O advogado Mark Hirsch revelou ter acompanhado casos em que o consumo de rebentos contaminados provocou danos renais permanentes.
Lange recordou ainda que várias lojas da cadeia Jimmy John’s acabaram por retirar rebentos dos menus depois de sucessivos surtos associados a estes ingredientes.
Sushi de buffet
Os buffets de sushi também figuram entre os alimentos que estes especialistas evitam.
Lem Garcia explicou que peixe cru deixado durante horas à temperatura ambiente representa um ambiente ideal para proliferação bacteriana. Já Mark Hirsch sublinhou que muitos casos de intoxicação alimentar relacionados com marisco resultam de falhas no controlo da temperatura.
Os especialistas admitem, contudo, que o contexto faz diferença. Restaurantes de sushi de maior qualidade e com melhores práticas de conservação tendem a apresentar menos riscos do que buffets “all you can eat” focados sobretudo em preços baixos.

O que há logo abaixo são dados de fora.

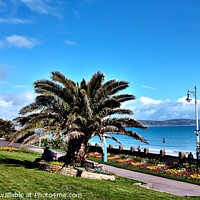 Buy canvas prints of Serene Weymouth Bay by Les Schofield
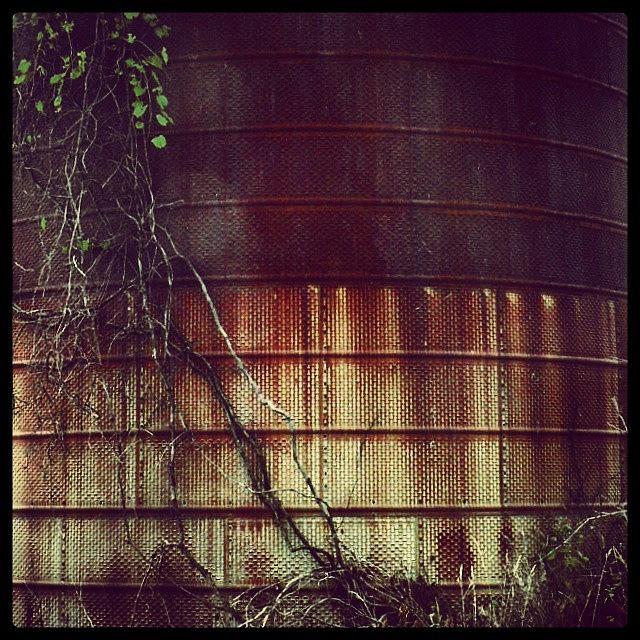 Tank Photograph - Old Red Jug by Milk R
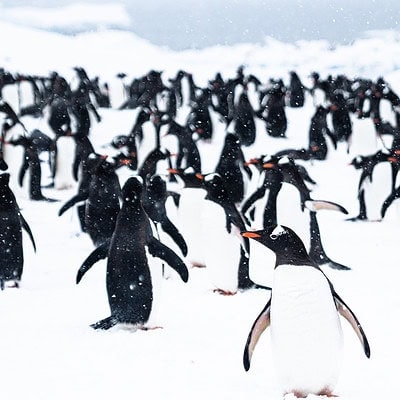 Antarctica Ice Axe Expeditions 01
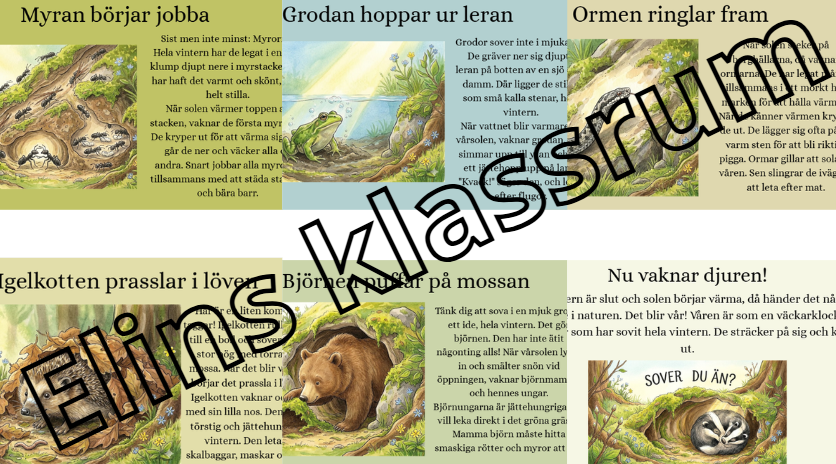 Vår – Djur som vaknar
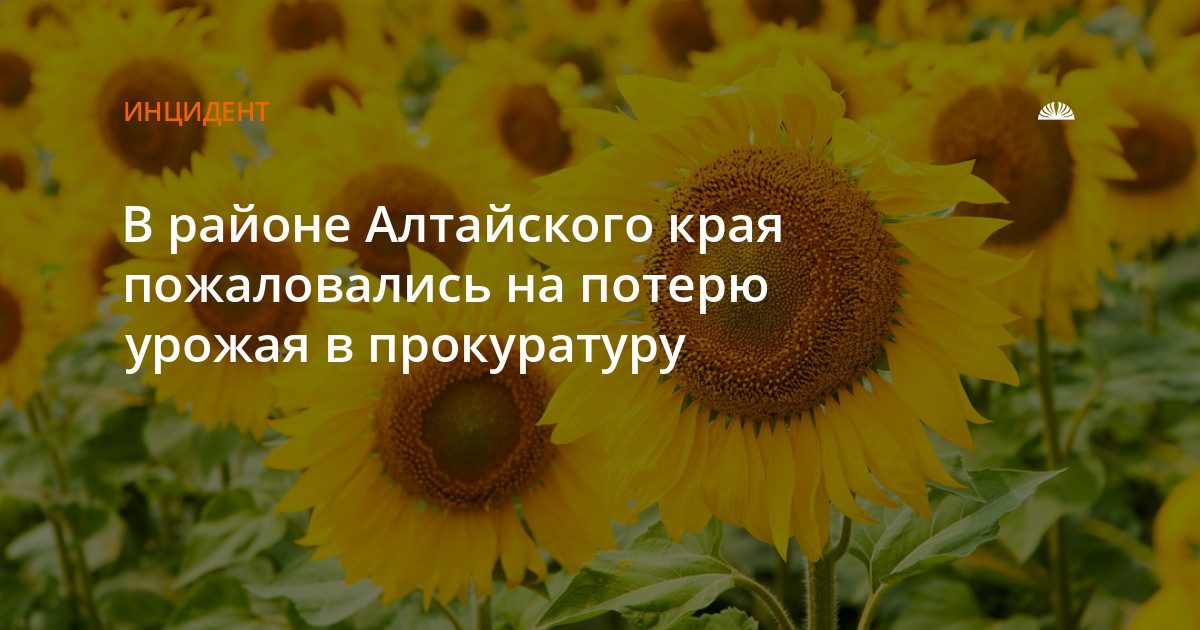 Жители Карасей пожаловались в прокуратуру на потерю урожая из-за пестицидов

Bill Marler resumiu a diferença dizendo que não compraria sushi numa loja de conveniência, mas aceitaria comer num restaurante especializado e de confiança.
Fruta e vegetais pré-lavados ou pré-cortados
Fruta já cortada e vegetais embalados prontos a consumir são outra das grandes preocupações destes advogados.
O texto recorda que, em 2023, duas pessoas morreram depois de contraírem salmonela associada a melão cantaloupe pré-cortado. Nesse surto, 99 pessoas em 32 estados norte-americanos foram infetadas e 45 acabaram hospitalizadas.
Segundo os especialistas, o principal problema surge quando a casca protetora da fruta é removida, expondo a polpa a bactérias e outros agentes patogénicos.
Bill Marler alertou ainda que quanto maior for o manuseamento de um alimento, maior é também a probabilidade de contaminação ao longo da cadeia de distribuição.
Lem Garcia destacou que os consumidores não sabem durante quanto tempo a fruta cortada esteve armazenada nem em que condições foi preparada. Já Mark Hirsch advertiu que a listeria se desenvolve facilmente em fruta embalada, revelando ter representado clientes que adoeceram gravemente após o consumo destes produtos.
Os especialistas aconselham os consumidores a comprarem produtos inteiros e a lavá-los em casa antes do consumo. Heather Bustos defendeu que frutas e vegetais devem ser sempre lavados, devido à presença de “muitos microrganismos perigosos”.
Bill Marler acrescentou que evita, sempre que possível, espinafres e alfaces pré-lavados embalados, considerando mais seguro comprar os vegetais inteiros e tratá-los em casa. Embora reconheça a conveniência destes produtos, considera que “por vezes não compensa o risco de apanhar salmonela”.
Especialistas pedem atenção, mas sem alarmismo
Apesar dos riscos identificados, os advogados sublinham que o objetivo não é gerar pânico em torno da alimentação.
Mark Hirsch recordou que “a comida é um dos grandes prazeres da vida”, defendendo que algum cuidado e atenção podem ajudar a manter as refeições seguras e agradáveis. O advogado frisou ainda que “nenhuma refeição vale uma ida às urgências”.
Heather Bustos alertou, por sua vez, que os consumidores podem ter uma perceção demasiado otimista sobre os padrões de segurança alimentar nos Estados Unidos. A especialista recomendou a subscrição dos alertas de recolha e segurança emitidos pela FDA e aconselhou a escolha de marcas com padrões rigorosos ou certificações independentes de elevada qualidade.